### ACTIVITY:
Produce as output only the lines below starting at the line with "Specific Terms) have" and continuing through the line with "recapitalisation of certain", each one exactly as written.

*** Begin section ***

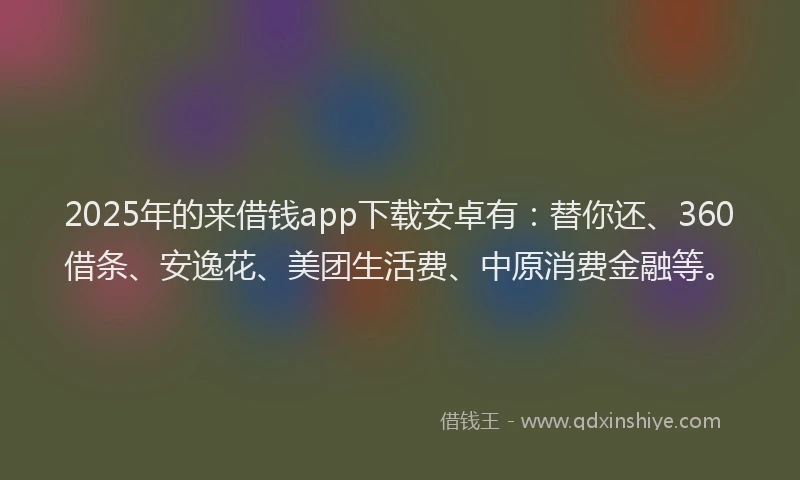 2025年的来借钱app下载安卓有：替你还、360借条、安逸花、美团生活费、中原消费金融等。
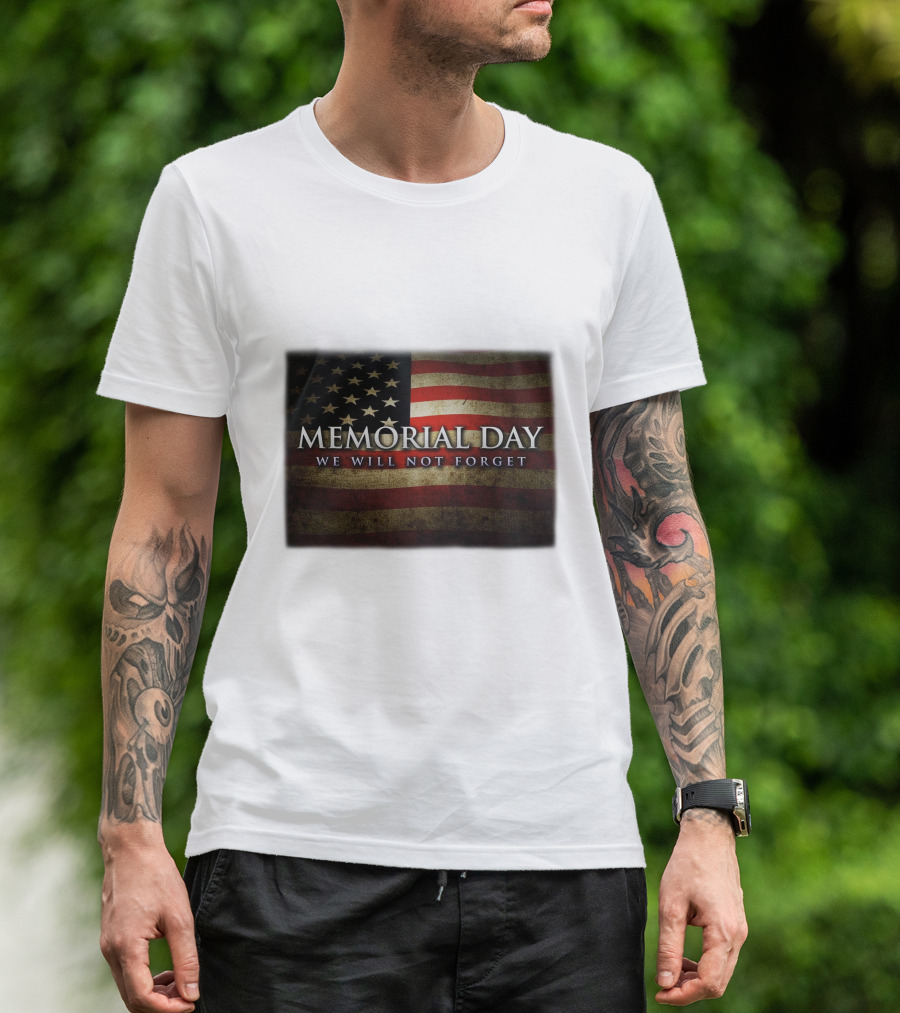 Memorial Day We Will Not Forget American Flag T-Shirt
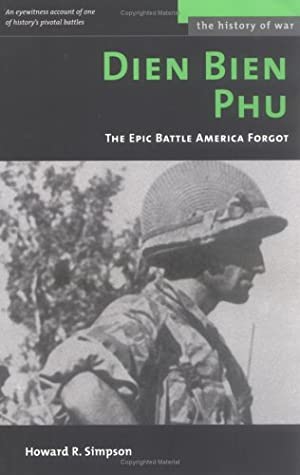 Dien Bien Phu: The Epic Battle America Forgot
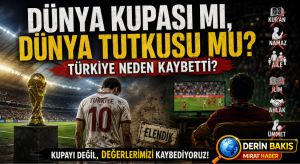 Dünya Kupası mı, Dünya Tutkusu mu? Türkiye Neden Kaybetti?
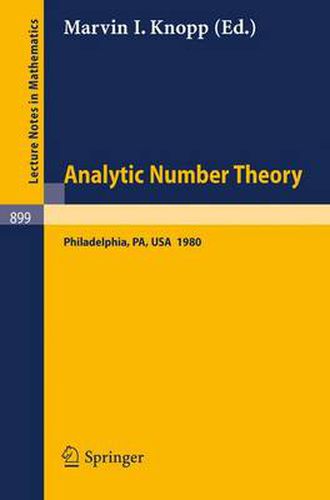 Cover image for Analytic Number Theory: Proceedings of a Conference Held at Temple University, Philadelphia, May 12-15, 1980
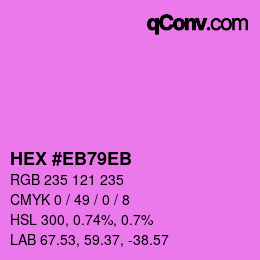 Color code: HEX #EB79EB | qconv.com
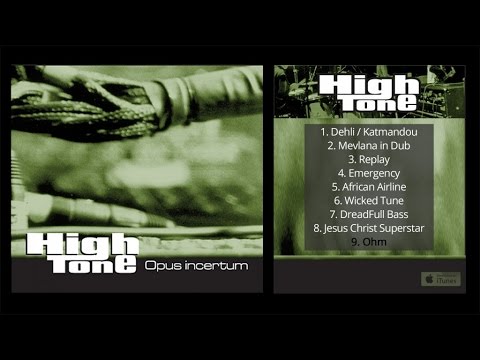 High Tone - Opus Incertum - #9 Ohm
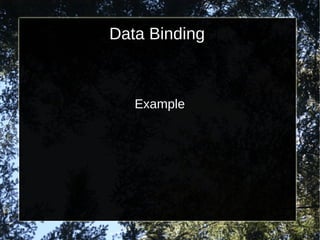 Data Binding

Example

 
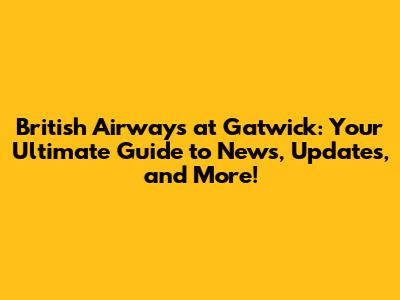British Airways at Gatwick: Your Ultimate Guide to News, Updates, and More!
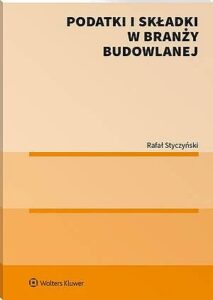 Okładka: Podatki i składki w branży budowlanej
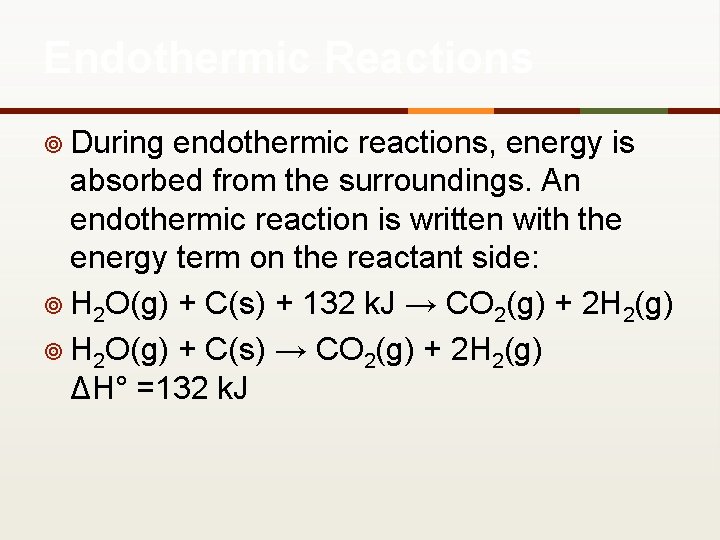 Endothermic Reactions ¥ During endothermic reactions, energy is absorbed from the surroundings. An endothermic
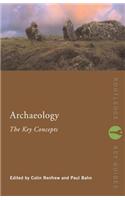 Archaeology: The Key Concepts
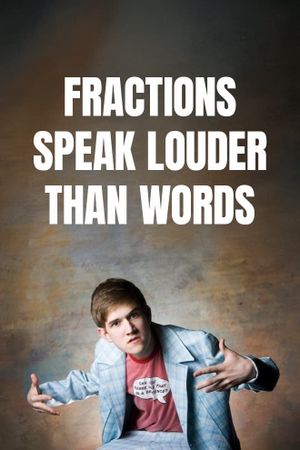 Fractions Speak Louder Than Words's poster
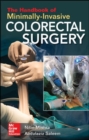Image for The handbook of minimally-invasive colorectal surgery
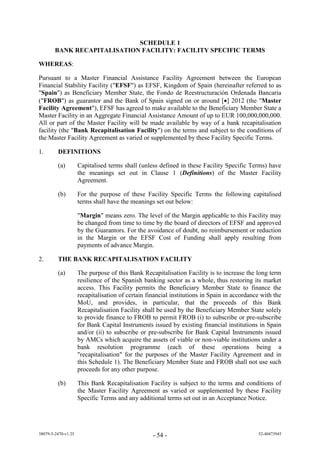 SCHEDULE 1
        BANK RECAPITALISATION FACILITY: FACILITY SPECIFIC TERMS

WHEREAS:

Pursuant to a Master Financial Assistance Facility Agreement between the European
Financial Stability Facility ("EFSF") as EFSF, Kingdom of Spain (hereinafter referred to as
"Spain") as Beneficiary Member State, the Fondo de Reestructuración Ordenada Bancaria
("FROB") as guarantor and the Bank of Spain signed on or around [] 2012 (the "Master
Facility Agreement"), EFSF has agreed to make available to the Beneficiary Member State a
Master Facility in an Aggregate Financial Assistance Amount of up to EUR 100,000,000,000.
All or part of the Master Facility will be made available by way of a bank recapitalisation
facility (the "Bank Recapitalisation Facility") on the terms and subject to the conditions of
the Master Facility Agreement as varied or supplemented by these Facility Specific Terms.

1.       DEFINITIONS

         (a)         Capitalised terms shall (unless defined in these Facility Specific Terms) have
                     the meanings set out in Clause 1 (Definitions) of the Master Facility
                     Agreement.

         (b)         For the purpose of these Facility Specific Terms the following capitalised
                     terms shall have the meanings set out below:

                     "Margin" means zero. The level of the Margin applicable to this Facility may
                     be changed from time to time by the board of directors of EFSF and approved
                     by the Guarantors. For the avoidance of doubt, no reimbursement or reduction
                     in the Margin or the EFSF Cost of Funding shall apply resulting from
                     payments of advance Margin.

2.       THE BANK RECAPITALISATION FACILITY

         (a)         The purpose of this Bank Recapitalisation Facility is to increase the long term
                     resilience of the Spanish banking sector as a whole, thus restoring its market
                     access. This Facility permits the Beneficiary Member State to finance the
                     recapitalisation of certain financial institutions in Spain in accordance with the
                     MoU, and provides, in particular, that the proceeds of this Bank
                     Recapitalisation Facility shall be used by the Beneficiary Member State solely
                     to provide finance to FROB to permit FROB (i) to subscribe or pre-subscribe
                     for Bank Capital Instruments issued by existing financial institutions in Spain
                     and/or (ii) to subscribe or pre-subscribe for Bank Capital Instruments issued
                     by AMCs which acquire the assets of viable or non-viable institutions under a
                     bank resolution programme (each of these operations being a
                     "recapitalisation" for the purposes of the Master Facility Agreement and in
                     this Schedule 1). The Beneficiary Member State and FROB shall not use such
                     proceeds for any other purpose.

         (b)         This Bank Recapitalisation Facility is subject to the terms and conditions of
                     the Master Facility Agreement as varied or supplemented by these Facility
                     Specific Terms and any additional terms set out in an Acceptance Notice.




38079-5-2470-v1.25                                 - 54 -                                    52-40473945
 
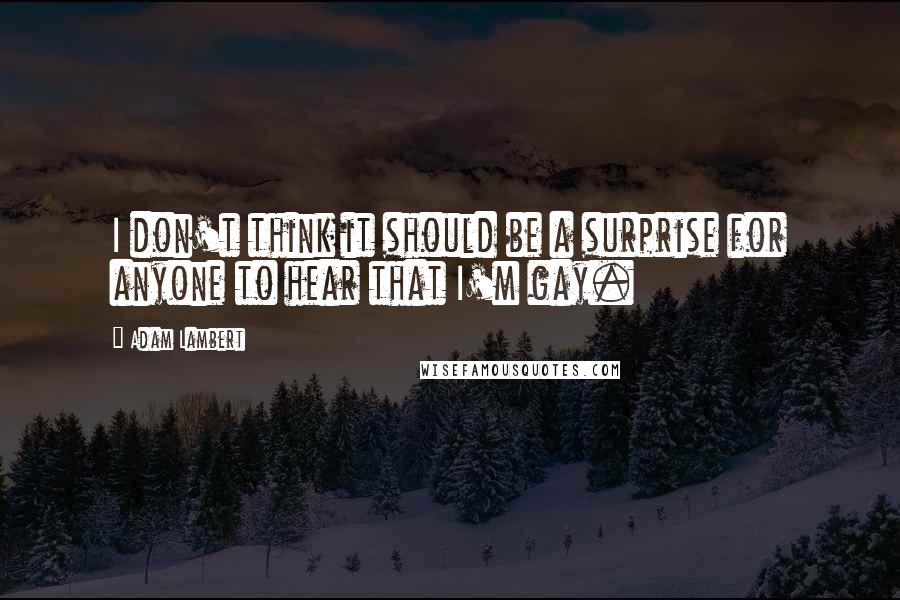 Adam Lambert Quotes: I don't think it should be a surprise for anyone to hear that I'm gay.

*** End section ***

### COMPLETED TASK:
         (a)         Capitalised terms shall (unless defined in these Facility Specific Terms) have
                     the meanings set out in Clause 1 (Definitions) of the Master Facility
                     Agreement.

         (b)         For the purpose of these Facility Specific Terms the following capitalised
                     terms shall have the meanings set out below:

                     "Margin" means zero. The level of the Margin applicable to this Facility may
                     be changed from time to time by the board of directors of EFSF and approved
                     by the Guarantors. For the avoidance of doubt, no reimbursement or reduction
                     in the Margin or the EFSF Cost of Funding shall apply resulting from
                     payments of advance Margin.

2.       THE BANK RECAPITALISATION FACILITY

         (a)         The purpose of this Bank Recapitalisation Facility is to increase the long term
                     resilience of the Spanish banking sector as a whole, thus restoring its market
                     access. This Facility permits the Beneficiary Member State to finance the
                     recapitalisation of certain financial institutions in Spain in accordance with the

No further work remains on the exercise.